I googled a little and found out that it could be ram indeed.
So i'll change it and see what happens. The box is runing on 128mb sdram so i think that it's about time to upgrade to 512ddr. :D
-
hi there. i too have been having kernal panics ever since i started messing around with network bonding, using realtek 8139 nics. i am curious if you too are using identical nics as this is what was causing my kernal panic and in your log it mentions network bonding
-
Yes i have two realtec nics just like you.
But i didn't do anything to bond them.
But i did notice that the sistem monitor contrib now shows bond info. But this just appeared. I didn't anything to activate it. The info is empty and it just shows an empty graph.

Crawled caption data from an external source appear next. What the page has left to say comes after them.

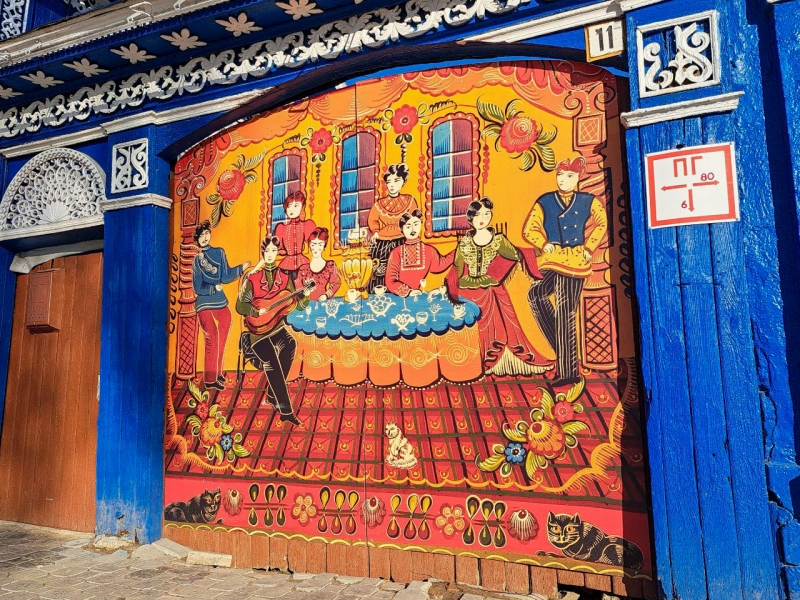 Городецкая роспись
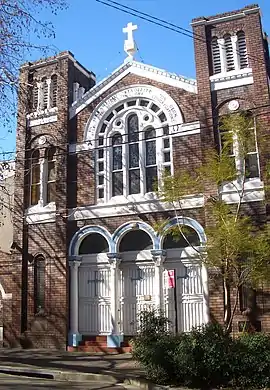 Holy Trinity Greek Orthodox Church, Surry Hills(altered 1931 facade)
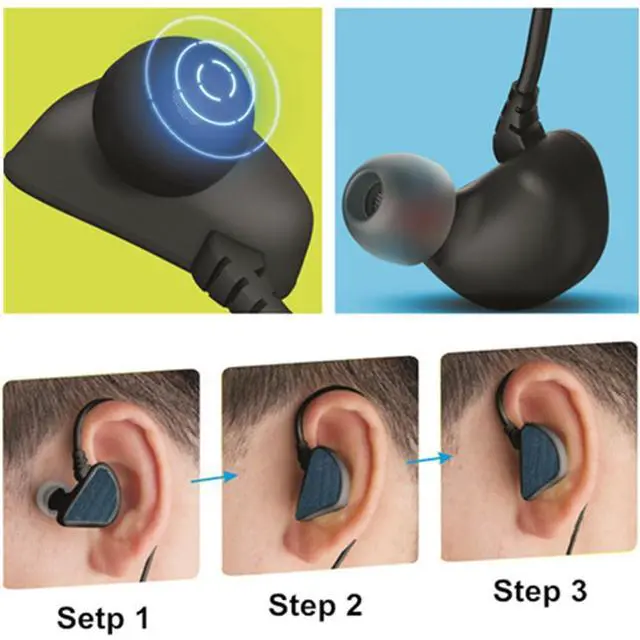 Alt view image 4 of 6 - L1 in-Ear Type Aviation Headset Ultra Light Weight only 130g,Clear Communication,Comfortable,Durable Hi-Fi Sound Quality for Music with MP3 Input,Free with a Headset Bag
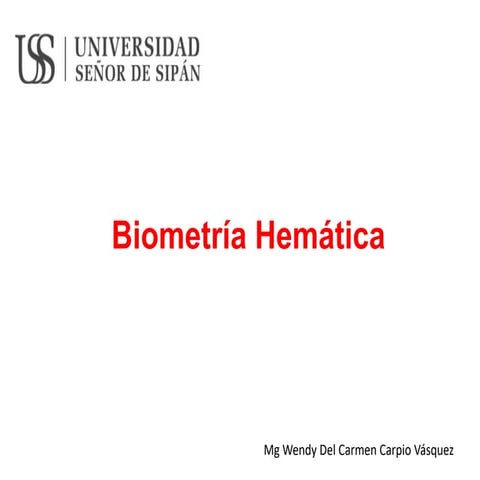 Biometría hemática en salud publica , para apoyo al giagnostico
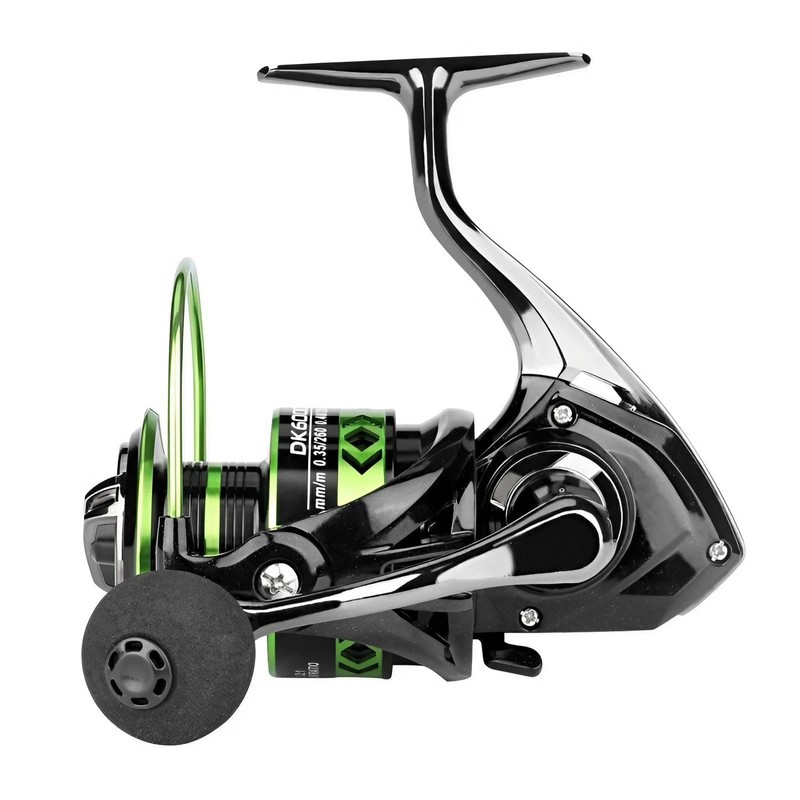 SylvanFlux All-Metal Spinning Fishing Reel – Long Cast Deep Spool,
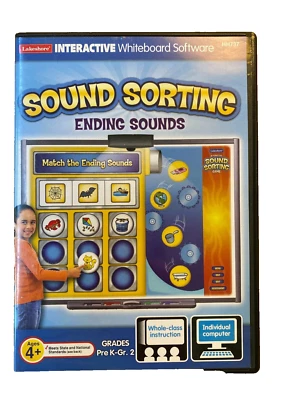Lakeshore Sound Sorting Ending Sounds Interactive Game CD ROM Pre K-Grade 2 - Image 1 of 3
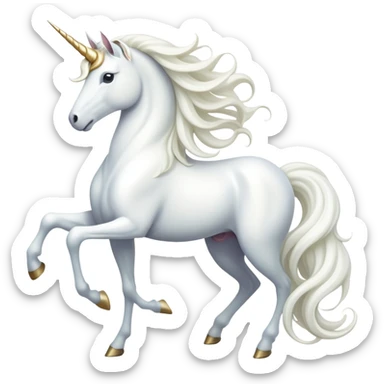 cinematic-beautiful-white-unicorn-emoji,-poised-and-regal,-with-a-slender,-ethereal-form-draped-in-a-pristine-white-color,-a-flowing-mane-and-tail,-and-a-white,-spiraled-horn-that-radiates-pure-light,-simplified-yet-sharp-and-majestic,  sticker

I read somwhere that this can be turned on if the server is in gateway mode but my server is in server and gateway mode.
Can i change this trough pannel od command line or do i change one of the nic's to stop this.
-
yes. i did not request it to bond. it just happenes automatically. i read that we are supposed to get an option in the console to bond identical nics but so far i have not seen this option. today i am going to try two things.
1-install 2 identical intel nics,
2-reinstall sme twice, once with identical realtek (to see if this bonding option is only in the installer) and again with the intel nics.
i will let you know what happens
-
Well fresh install isn't an option in my case so i'll have to find a way to remove this thing.
I'll wait for someone to tell me how to turn this off or i'll buy a different NIC and just swap one of them.
-
dual realtek cards were the cause of my kernal panic woes. i swapped the nics for dual intels and everything was just fine. btw. i was just doing a clean install on a spare box for testing, and as it turns out the supposed option for nic bonding did not appear in the setup console on either the dual realteks or the dual intels. not sure why people talk about this option because i have never seen it. perhaps it was in a version 7 beta?. anyway my advice is just get rid of one of the realteks and everything will be fine. don't bother trying to remove the bond0. just change one of the cards.
-
i read that we are supposed to get an option in the console to bond identical nics but so far i have not seen this option.
(http://www.magicwilly.webhostingpal.com/ContribsForumPictures/bonding/bond1.png)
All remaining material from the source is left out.